Pemerintah memutuskan kembali menghidupkan Crisis Center.
Berbagai upaya pembebasan dilakukan. Tiga Menteri Pertahanan, Indonesia, Malaysia, dan Filipina melakukan pertemuan trilateral di Kuala Lumpur pada Selasa (12/7/2016).
Pertemuan itu membahas pembebasan sandera dan merumuskan detail patroli tiga negara di perairan yang dinilai rawan pembajakan.
Selain itu, Presiden Joko Widodo menelepon dan menyurati Presiden Filipina Rodrigo Duterte.
Kelompok Al Habsyi Misaya sempat mengancam akan membunuh empat ABK kapal tunda Charles jika tuntutan yang tebusan tidak dipenuhi.
Lima orang perwakilan keluarga sandera dari Samarinda sempat mendatangi Kementerian Luar Negeri untuk meminta kejelasan informasi ABK Charles 001.
Dalam pertemuan itu, sempat terjadi komunikasi dengan sandera dan dinyatakan dalam keadaan baik.
Pemerintah juga memastikan PT Rudiantara Bersaudara membayar sejumlah kompensasi bantuan keuangan kepada keluarga.
Dua ABK, Ismail Tiro dan Muhammad Sofyan berhasil meloloskan diri penyanderaan Abu Sayyaf pada, Rabu (17/8/2016).
Mereka dinyatakan sehat setelah melakukan tes kesehatan di KBRI Manila dan tiba di Tanah Air pada Jumat (26/8/2016) malam.
Setelah beberapa bulan, Ferry Arifin, M Mahbrur Dahri, dan Edi Suryono bebas pada Sabtu (1/10/2016) malam.
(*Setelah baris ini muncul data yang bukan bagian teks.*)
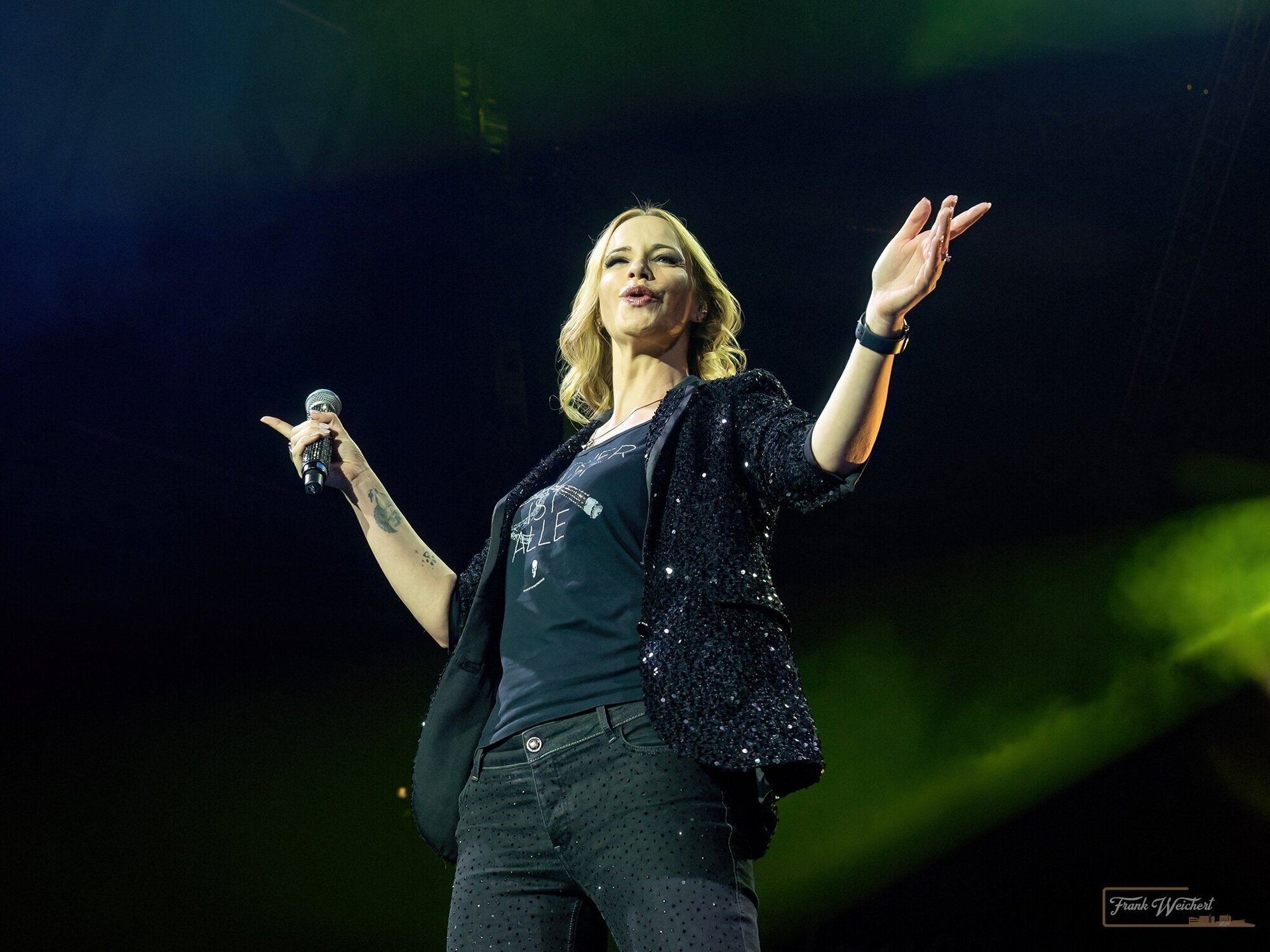 Gig in Berglen: Between pinball and her own career – | Pia Malo in an ...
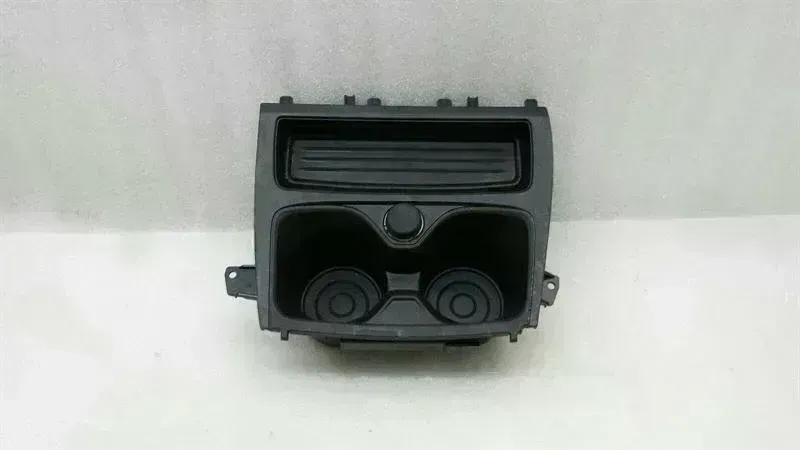 BMW 1 (F20 / F21) BMW 1 Series F21 F20 Cup Holder Holder Cup 9207321 Cup Holder Body type: Hatchback
Fuel: Diesel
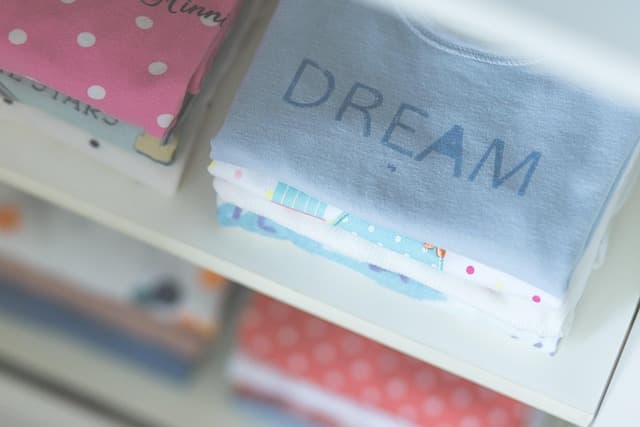 Provadores exclusivos para crianças são obrigatórios em lojas? Entenda o que diz a lei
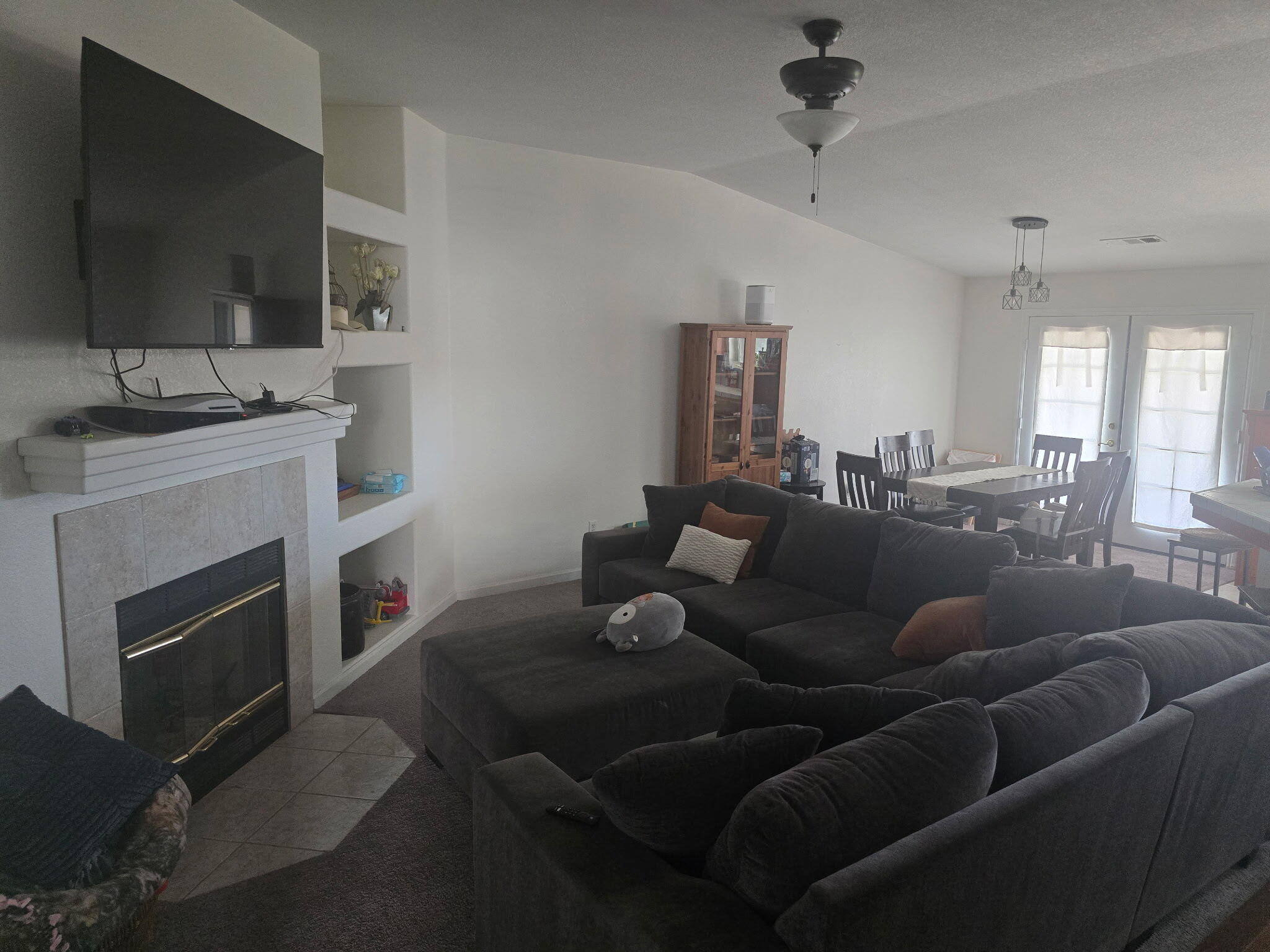 1239 Linda Way, Porterville, CA 93257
Kemudian, setelah enam bulan menanti, Muhammad Nasir dan Muhammad Robin Piter dibebaskan oleh milisi Alhabsyi di Filipina Selatan pada Senin (12/12/2016).
Dengan demikian, semua sandera kapal Charles telah berhasil bertemu dengan keluarganya.
4. Tiga ABK Pukat Tunda disandera
Pada 9 Juli 2016, tiga ABK pukat tunda LD/114/5S milik China Tong Lim berbendera Malaysia, disandera kelompok Abu Sayyaf ketika melewati perairan kawasan Felda Sahabat, Tungku, Lahad Datu Sabah, Negara Bagian Malaysia.
Mereka adalah Lorense Koten (34) yang bertindak sebagai juragan kapal, Emanuel (40) dan Teodorus Kopong sebagai ABK.
Awalnya, tujuh orang diculik, namun empat lainnya dibebaskan karena beralasan tidak memiliki paspor.
Penyandera meminta tebusan sebesar 200 juta peso atau sekitar Rp 55,5 miliar.
Permintaan tersebut disampaikan penyandera kepada pemilik kapal.
Pada tanggal 12-14 Juli 2016, terjadi pertemuan antara delegasi Filipina yang dipimpin oleh Asisten Operasi Angkatan Bersenjata Filipina dengan Asisten Operasi Panglima TNI di Hotel Parklane, Jakarta.
Pertemuan itu merupakan tindak lanjut dari pertemuan pada 27 Juni yang membahas pencegahan perompakan dan penyanderaan.
Beberapa tindakan disepakati, di antaranya, akan mengikutsertakan Western Mindanao Command Angkatan Bersenjata Filipina dan Komandan Lantamal XIII/Tarakan ke dalam kegiatan Komite perbatasan RI-RPBC.
Untuk membahas standar operasional, Menhan Ryamizard bertemu dengan Menhan Malaysia dan Filipina di Kuala Lumpur pada Kamis (21/7/2016).
Namun pertemuan itu batal lantaran Menhan Filipina tidak dapat hadir.
Pemerintah melakukan diplomasi dengan mengirimkan satu negosiator untuk bertemu dengan pendiri Moro National Liberation Front, Nur Misuari.
Luhut Binsar Pandjaitan, yang saat itu menjabat Menko Polhuka, mengatakan, pemerintah mengandalkan Nur sebagai penghubung komunikasi ke kelompok Abu Sayyaf.
Lorens, Teodorus, dan Emmanuel berhasil bebas pada Minggu (18/9/2016) bersama satu WN Norwegia.
Menhan Ryamizard mengatakan keberhasilan pembebasan atas upaya tentara Filipina dan FNP Moro. Ia menegaskan pemerintah tidak mengeluarkan uang sepeser pun.